_Exercise:_
An exact reproduction of all the data is needed, with no images in it.
*** Opening of Data section ***
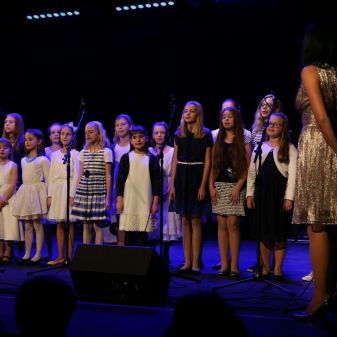 Šťastné & Veselé 2019! (žáci J. Borkové, L. Honzlové, M. Dvořáka)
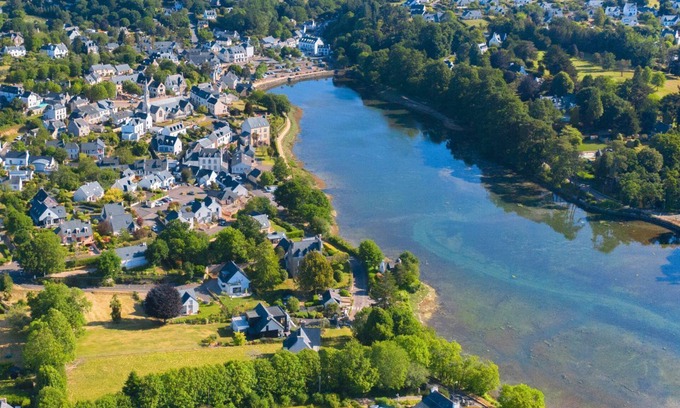 La Foret-Fouesnant House | Bright house - View of the cove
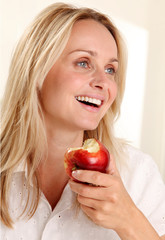 Canvas Print - WOMAN EATING A RED APPLE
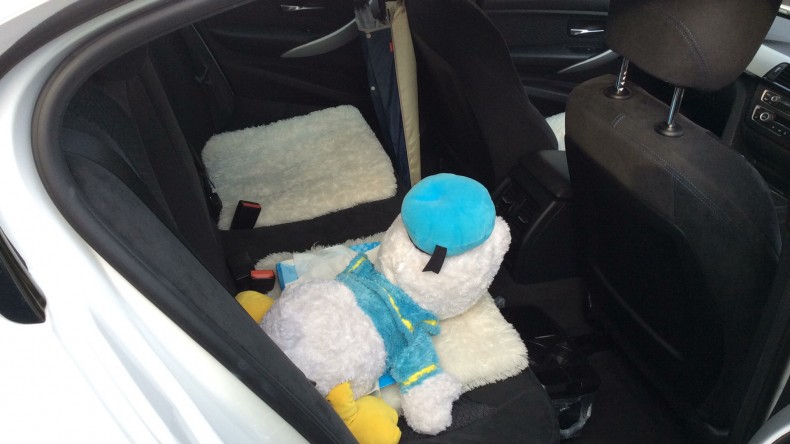 内装後方シート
*** Close of Data section ***
_Written reply:_
 Šťastné & Veselé 2019! (žáci J. Borkové, L. Honzlové, M. Dvořáka)
 La Foret-Fouesnant House | Bright house - View of the cove
 Canvas Print - WOMAN EATING A RED APPLE
 内装後方シート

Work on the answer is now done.